How could my own father be so cruel?

My father is a nice man , but he has a strange character , where he wants things his way or no way. Im 17 years old and I am very mature for my age , I go to college , I work and I pay my dad £80 of my wages to him for rent. Hes always up, down and out with his religion (jehovahs whitness) but …

Hes always gettting at me , I dont think he likes me much, because I am in contact with my mother , which wasnt a great mum to me or my brothers in the past. 13 years down the line she contacted me , as well as my sister and brother.

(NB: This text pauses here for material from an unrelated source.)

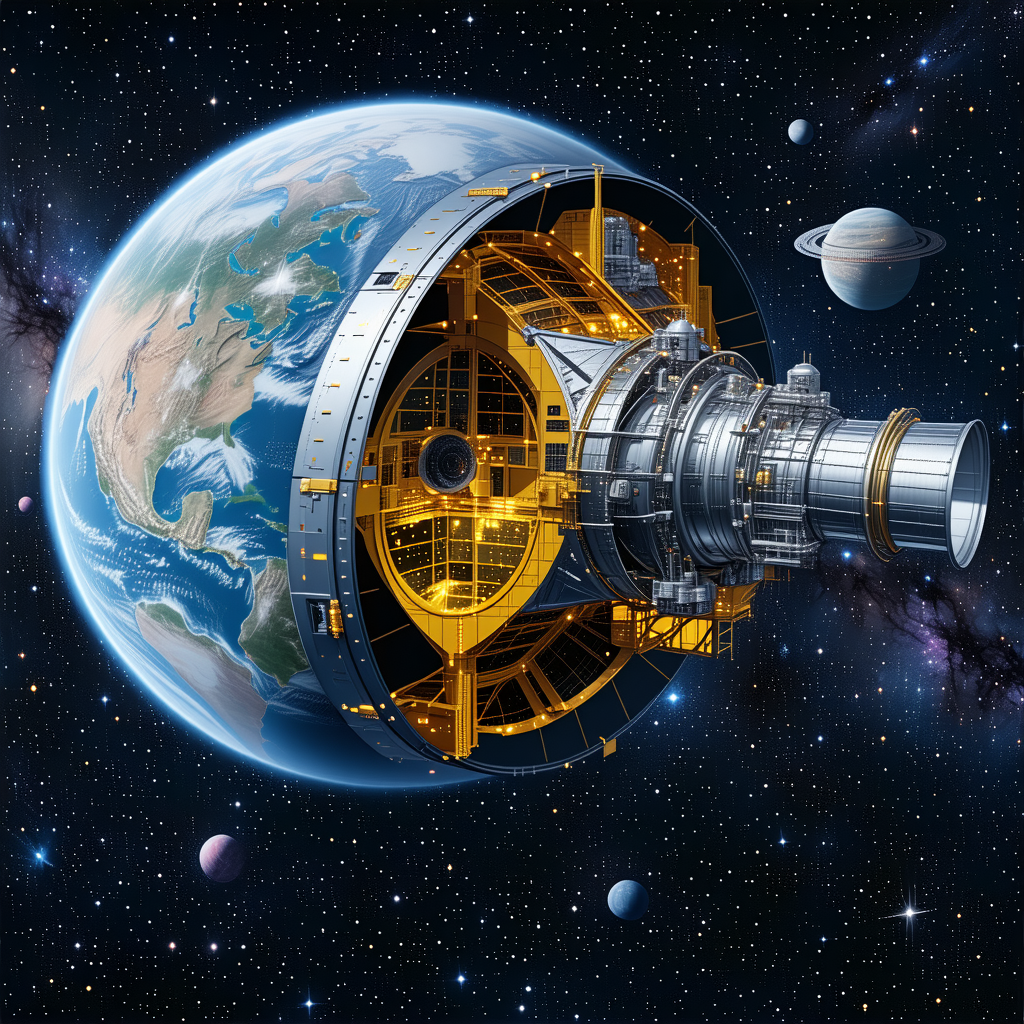 A Large Spacecraft With A Dome-shaped Structure On Top Of It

But my dad uses that against a lot of things and personaly I dont think I can take it anymore… The latest is that he wont be able to turn up for my first college show (acting) because he has to attend to his religious meetings , that he has only just started going back to. Is it me or is it him ? X

Answer #1

Your father is very self centered. It has nothing to do with you. My father was the same way. He would not attend my or my siblings events because he said he didn’t enjoy that type of thing. For my graduation he decided to take a vacation without us and missed it. Your going to need to accept this is the way he is and move on. Invite some truly special people to your show instead.

Answer #2

I think that his religion has blinded him into what this world really is. He dosent seem so cruel it just seems that when he noticed how was your mom and what she did to your family he didn’t seem so happy about it, but he also has to understand that your mom is your mom and that you do have the right to see her. I mean he does need some sience, hes not seeing your mom with you or anathing, and your keeping the twolifes of them separated so what is his problem?

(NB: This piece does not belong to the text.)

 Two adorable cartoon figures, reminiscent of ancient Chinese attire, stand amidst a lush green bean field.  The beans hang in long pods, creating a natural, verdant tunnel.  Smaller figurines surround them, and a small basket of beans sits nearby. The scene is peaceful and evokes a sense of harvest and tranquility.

But I mean the best thing to do is just leave him and just keep doing what your doing and wait I mean hopefully as years go by, meaby, he will get a point of life where everything is not so like he sees it.

Answer #3

I think it is mostly him. But that’s life. Sometime you just have to deal with it. I personally think there is nothing better than family. And to seperate will make things a whole lot worse. Just try to speak to him and even go to his religious meetings. He might appreciate it more. Personally I don’t believe in jehovah witness but I’m a christian. Try and go live with your mum if his behaviour doesn’t change. But don’t creat a grudge between someone in your family because in the end he is still family. I know this because I have a father who can be cruel sometimes. But sometimes you have not choice but to put up with it. Good luck!